I’ve seen that same cycle for a long time now, over and over. When I started with spreadsheets, in 1980, they were so new that my use of spreadsheets gave me competitive advantage in business school. (That image to the right is a 1979 ad for VisiCalc, the first mainstream spreadsheet). Not any more; everybody assumes spreadsheets. Complicated spreadsheets don’t buy anybody competitive advantage. The same was true, believe it or not, with word processing (yes, there was a time when business people didn’t all understand word processing). Now we all assume that. There was a time when an early personal computer and WordStar software and a daisy wheel printer was a huge competitive advantage. No longer. And the same thing happened with desktop publishing. First it was competitive advantage, but then the bar was raised, and it became merely expected. And with email, and Internet websites. Technology to productivity to expectations to back to the start again.

True, we got better output. Spreadsheets give us better business analysis, word processing gives us better writing tools, and desktop publishing gives us better output. But we don’t spend less time. We just expect more.

(Photo credit: Woosa Rosa/Shutterstock)

Invention vs. Necessity, Upside Down

You know the phrase:

Necessity is the mother of invention.

Right? You hear it a lot.

But what if, in fact, invention is the mother of necessity. Once the technology exists,  we then complicate things, demand more, and use up the productivity gain in raising the quality bar.

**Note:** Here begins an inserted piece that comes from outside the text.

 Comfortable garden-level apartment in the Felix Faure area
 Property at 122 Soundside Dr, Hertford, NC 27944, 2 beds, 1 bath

Take budgets, for example. I realize it’s hard for most people to imagine a world without ready access to spreadsheets (you’d almost have to be a baby boomer, since spreadsheets and personal computing burst onto the scene in the early 1980s). But spreadsheets changed what we expect of budgets and budgeting. The invention changed what we define as necessity. We can do the numbers now, so we demand more numbers.

Or word processing, and then, a few years later, desktop publishing. The combination completely changed what we expect of business correspondence. You’ll probably find this hard to believe, but there was a time when we wrote letters and memos and mailed them. Yes, I mean using the post office, and postage stamps. Back then, we didn’t get hundreds of letters to answer every day. The invention changed the necessity. We can email now (or tweet, or blog), so the world demands more communication.

And cell phones.  Ah yes, lots of us remember the world before cell phones. We didn’t bug each other nearly as much, back before cell phones, as we do now; we didn’t expect phone calls checking in, updating each other, nearly as much. Less communication was acceptable.

Are we more productive? Who knows? Do we have a choice on the matter? No. Technology goes one way. Whether we like it or not.